Слегка прикрыв окно, Гудошников вернулся к столу, закурил и сел, как бы подчеркивая своим молчанием и озабоченным выражением лица, что теперь он вынужден приступить к тому главному разговору, во имя которого он пригласил Шадрина.

— Обрадовать вас пока нечем, Дмитрий Георгиевич. Говорил я о вас со своим начальством. Ничего пока не получается. Вмешался Богданов. А его характеристике верят. Как вам известно — его акции заметно выросли. А потом, и со здоровьем у вас не такой уж блеск. Все-таки, куда ни кинь, инвалидность.

— Вы, очевидно, тоже заканчивали… — Дмитрий хотел спросить, какое учебное заведение закончил Гудошников, но осекся, побоялся, как бы вопрос его не показался инспектору фамильярным.

— Юридический, заочный, два года назад. Распределение получил сюда, вот и приходится больше с бумажками возиться, хотя за каждой бумажкой стоит человеческая судьба. Тоже вторая группа.

— Но я уже работал!.. Я был допущен к оперативной работе. И справлялся… Имею благодарности… — Шадрин говорил напористо, запальчиво, отчего его левое веко начало мелко подергиваться.

— Вопрос ваш, Дмитрий Георгиевич, решаю не я. Я вас могу только рекомендовать своему начальству, что я и сделал три дня назад, — спокойно и сдержанно сказал Гудошников, стряхивая пепел в свинцовую пепельницу. — К моему стыду, а может быть, в нарушение правил я даже скрыл вашу инвалидность.

— И что же вам сказали? — Шадрин чувствовал, как в горле у него пересыхает.

— Тут я немного дал маху. Пошел к руководству с намерением положительно решить вопрос вашего нового назначения и, черт меня дернул, сказал, что вы не сработались с Богдановым. Характерами не сошлись. Это у нас не считается криминалом. Думал, как лучше, а получилось наоборот. Начальник тут же снял трубку и позвонил Богданову.

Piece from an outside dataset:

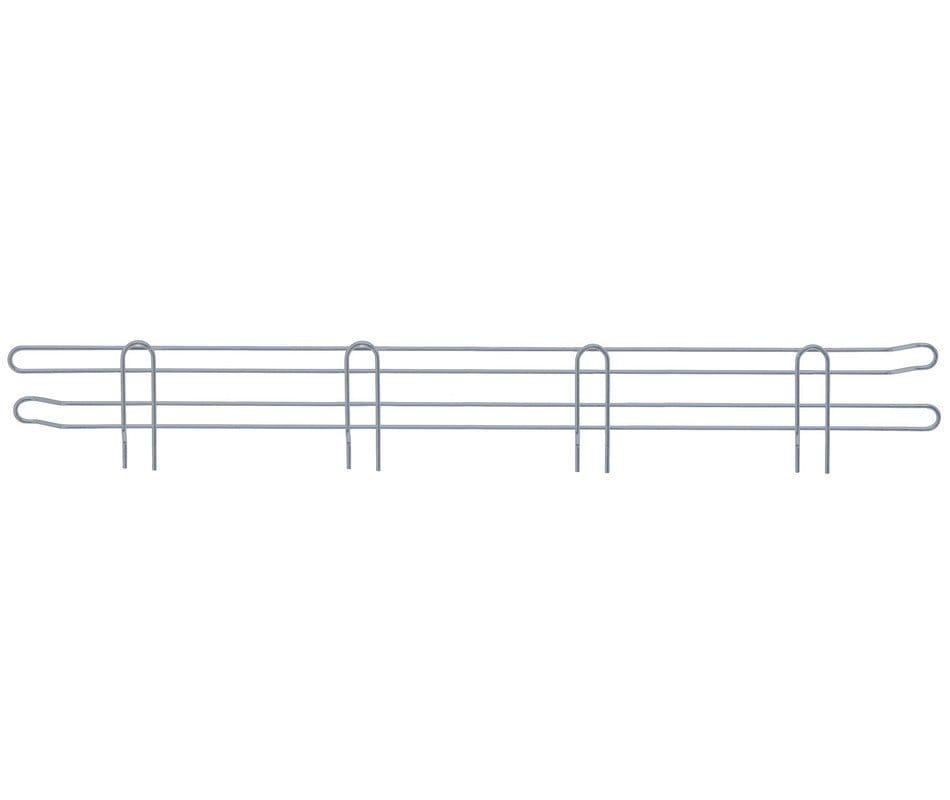 Shop2It Retail - Quantum 60"W x 4"H Gray Back Ledge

Уж что тот говорил — одному богу известно.

— Интересно, куда же вы все-таки меня хотели направить? — нерешительно спросил Шадрин.

— В Свердловский район, старшим следователем. Там нужны грамотные ребята.

— Ну, а сейчас куда мне?

Инспектор поврежденной кистью руки провел по лицу, словно стирая с него налипшую невидимую паутину, и кисло сморщился:

— Подождите с месяц, потерпите. Начальник собирается в отпуск. Может быть, без него что-нибудь придумаем. А вообще обещать трудно. Богданова перешагнуть нелегко. Когда-то, в старые добрые времена, все дороги вели в Рим. Сейчас дороги всех прокуратур Москвы ведут к Богданову. Он ворочает кадрами.